Indeed, without proprietary systems tying them to one provider, clients will in theory have greater freedom to ‘cherry-pick’ specific products and services from a number of custodians to create a ‘best-of-breed’ package; consequently, custodians are having to pay far closer attention to tailoring their offerings to suit individual clients’ needs than before. Furthermore, individuals – and by extension corporations – are becoming increasingly acclimatised to the ‘anything, anytime, anywhere’ nature of the Net, which in turn is driving up client expectations as regards access and speed of delivery. Going forward, the rule will be more, sooner.
The challenge for custodians is to instil much greater interactivity into their internet-based offerings, to move from what is today essentially an information sharing architecture – taking in research, reference, access to client accounts and so forth – to a service that not only offers greater data enrichment but also a transactional capability. It seems certain that we will see the lines between the public internet and private intranets become more nebulous; in particular, thanks to a recent agreement signed with telecommunications solutions provider Global Crossing, the Secure IP Network infrastructure now being developed by SWIFT will exist as a virtual private network within Global Crossing’s existing IP extranet infrastructure. The existence of this new infrastructure will be a critical step towards creating a high speed network wherein custodians, settlement and payment agents, clients and counterparties will be able to access trade details simultaneously, eradicating problems such as reconciliation errors.
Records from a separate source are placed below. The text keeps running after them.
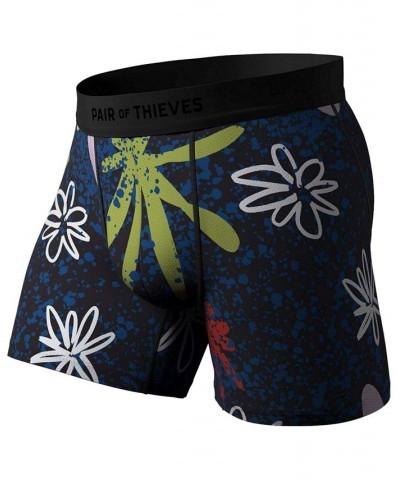 Men's Hustle 2-Pk. 4-Way Stretch Quick-Dry 5" Boxer Briefs Blue $17.02 Underwear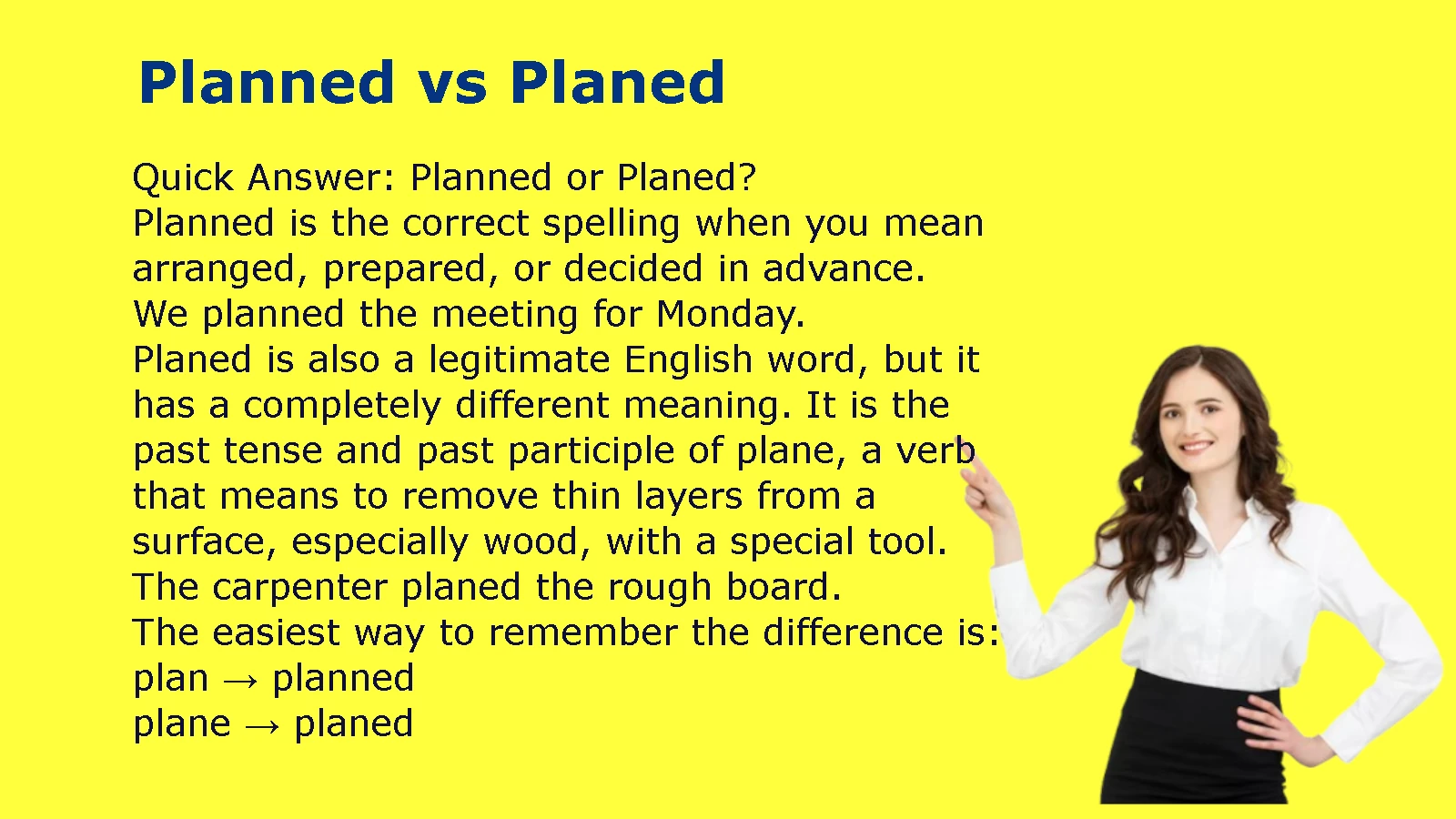 Planned vs Planed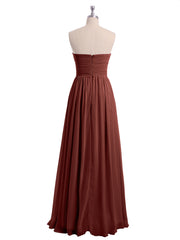 Sans Bretelles Longue Mousseline Robes De Demoiselle d'Honneur terracotta Grande Taille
A broadband network coupled with more sophisticated technology should also allow the use of multifaceted ‘intelligent’ message formats to allow the automated processing of more complex securities financing products that fall outside the scope of existing SWIFT messages; valuation and payment data could also be incorporated into the flow of transaction traffic.
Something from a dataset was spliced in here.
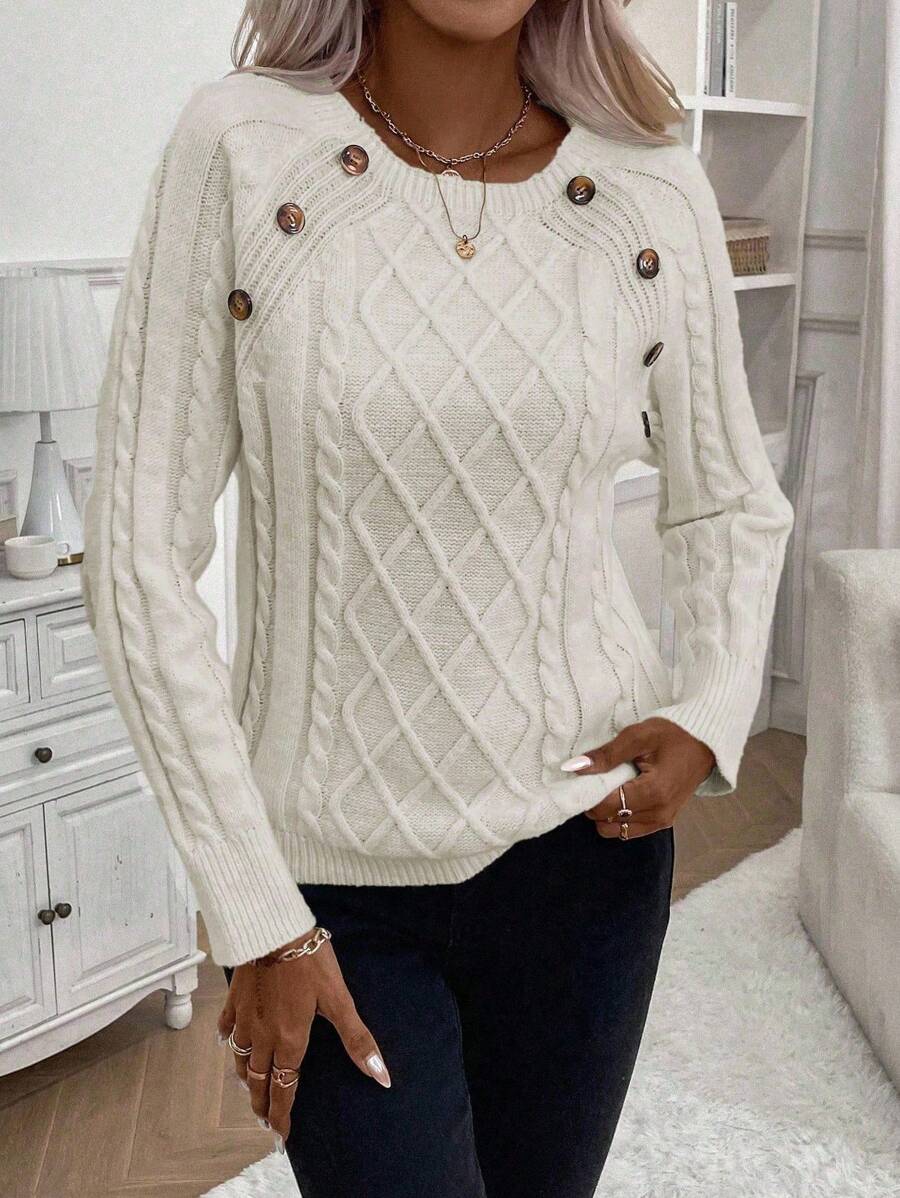 Victoria | Button-Detail Cable Knit Jumper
The huge success of virtual fund supermarkets is proof positive of the benefits that can be derived from the internet in terms of distribution, and we should expect to see custodians directing still more resources towards building on and evolving this most critical facet of their business.
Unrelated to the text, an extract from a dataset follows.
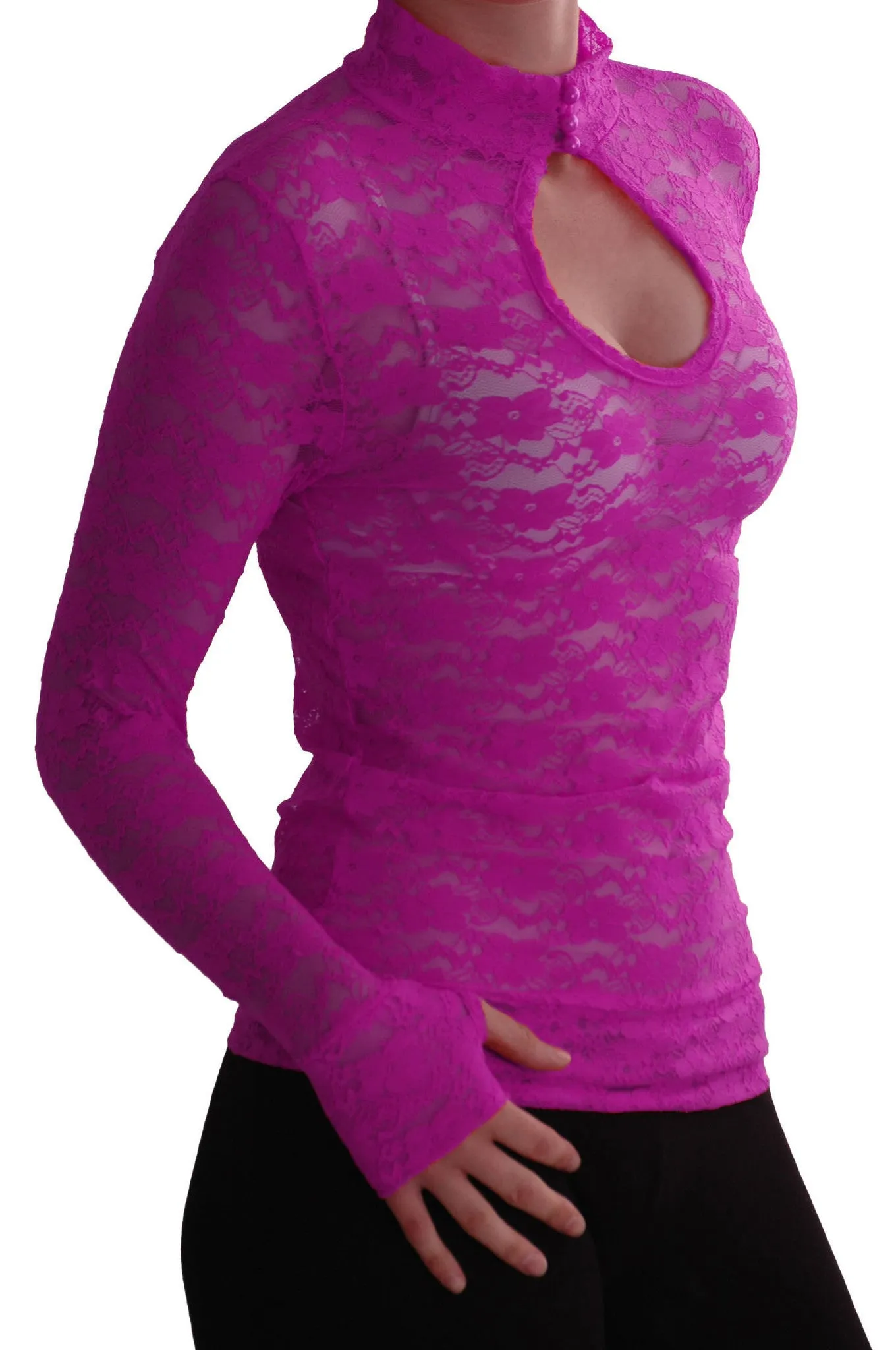 Turtle Neck Long Sleeve Floral Lace Keyhole Blouse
Perhaps one of the most fundamental changes lurking just over the horizon is the emergence of ‘co-opetition’ above and beyond industry initiatives such as the GSTPA – custodians working not only alongside third-party systems vendors to meet clients’ needs, but also with other custodians. The concept of a single portal has already been mooted, offering one custodian’s clients access to a number of separate providers’ pools of information, Web-based query and reporting products permitting clients to ‘slice and dice’ both information about their own activities and data pertaining to third-parties.